=== Section Start ===

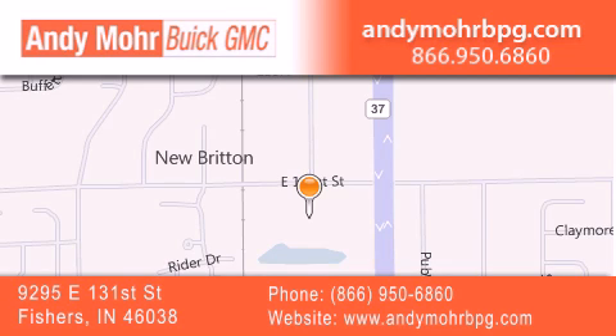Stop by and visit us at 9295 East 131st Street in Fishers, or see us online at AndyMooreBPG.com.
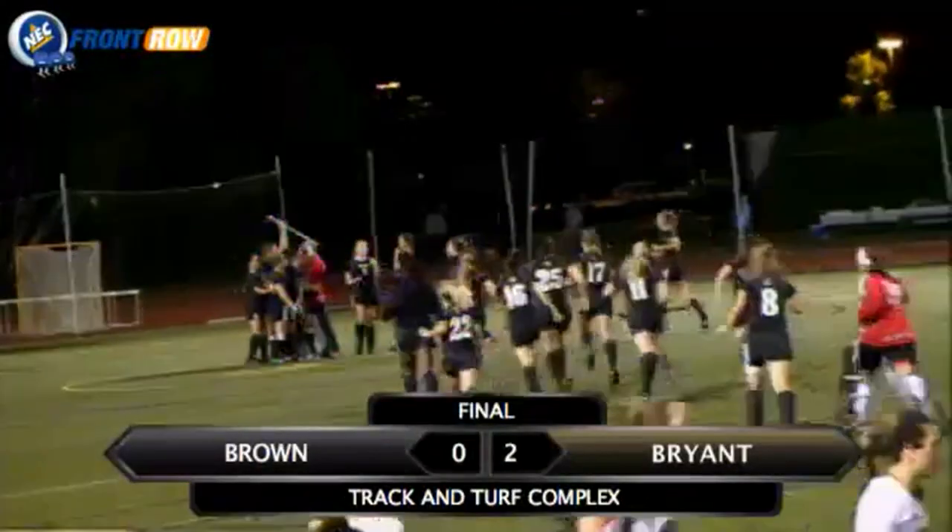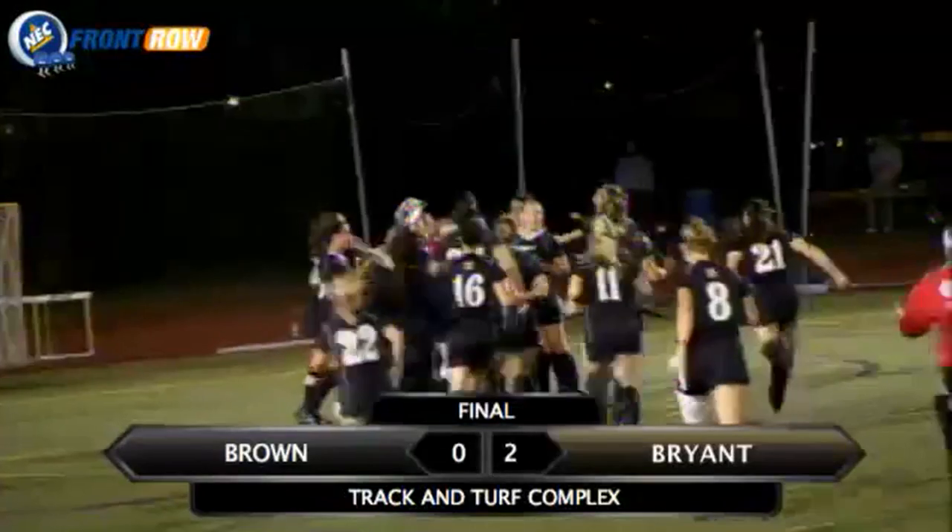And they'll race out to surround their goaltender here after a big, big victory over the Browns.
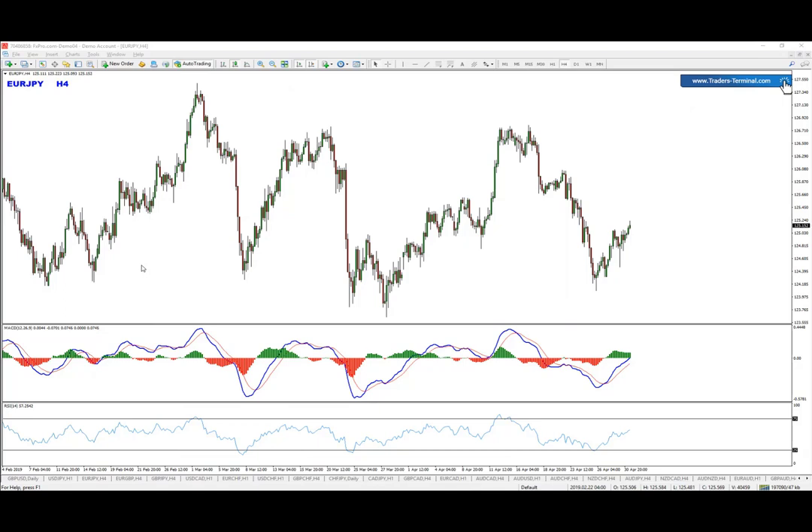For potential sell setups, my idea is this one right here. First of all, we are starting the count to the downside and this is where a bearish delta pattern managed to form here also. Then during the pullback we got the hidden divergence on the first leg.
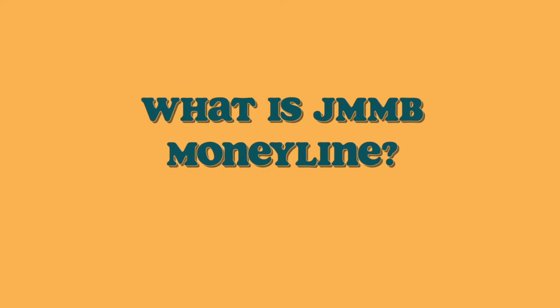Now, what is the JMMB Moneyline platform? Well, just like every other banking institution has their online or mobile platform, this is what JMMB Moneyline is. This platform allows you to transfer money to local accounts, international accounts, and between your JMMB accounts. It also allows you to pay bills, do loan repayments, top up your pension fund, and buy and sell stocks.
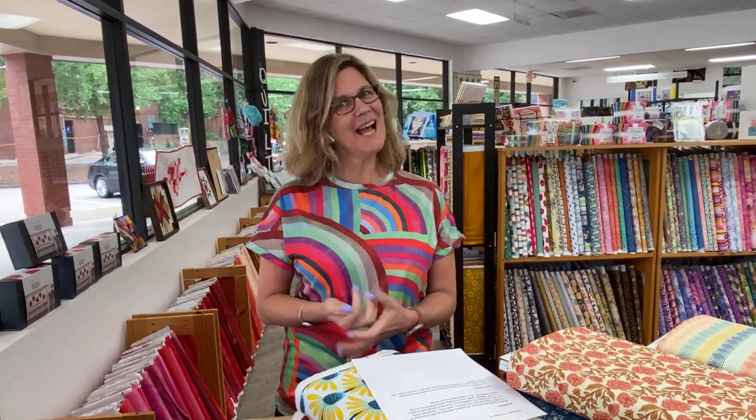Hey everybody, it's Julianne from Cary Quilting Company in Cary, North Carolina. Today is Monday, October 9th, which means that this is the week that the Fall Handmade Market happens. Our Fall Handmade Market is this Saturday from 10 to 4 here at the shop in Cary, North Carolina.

=== Section End ===
=== Section Start ===

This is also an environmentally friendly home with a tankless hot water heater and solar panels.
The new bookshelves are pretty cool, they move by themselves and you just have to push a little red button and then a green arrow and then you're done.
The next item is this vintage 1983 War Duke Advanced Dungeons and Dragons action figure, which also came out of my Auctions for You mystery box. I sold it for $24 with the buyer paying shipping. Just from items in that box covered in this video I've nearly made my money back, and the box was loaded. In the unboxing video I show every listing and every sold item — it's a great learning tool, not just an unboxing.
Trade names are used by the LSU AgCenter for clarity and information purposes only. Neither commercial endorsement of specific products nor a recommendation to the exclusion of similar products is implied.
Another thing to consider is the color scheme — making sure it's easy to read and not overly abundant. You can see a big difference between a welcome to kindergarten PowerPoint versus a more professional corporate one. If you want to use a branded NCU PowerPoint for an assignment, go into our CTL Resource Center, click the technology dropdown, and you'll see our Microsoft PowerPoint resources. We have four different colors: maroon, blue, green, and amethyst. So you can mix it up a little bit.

=== Section End ===

Show all lines in the records above that hold "green".

## SOLUTION
The new bookshelves are pretty cool, they move by themselves and you just have to push a little red button and then a green arrow and then you're done.
Another thing to consider is the color scheme — making sure it's easy to read and not overly abundant. You can see a big difference between a welcome to kindergarten PowerPoint versus a more professional corporate one. If you want to use a branded NCU PowerPoint for an assignment, go into our CTL Resource Center, click the technology dropdown, and you'll see our Microsoft PowerPoint resources. We have four different colors: maroon, blue, green, and amethyst. So you can mix it up a little bit.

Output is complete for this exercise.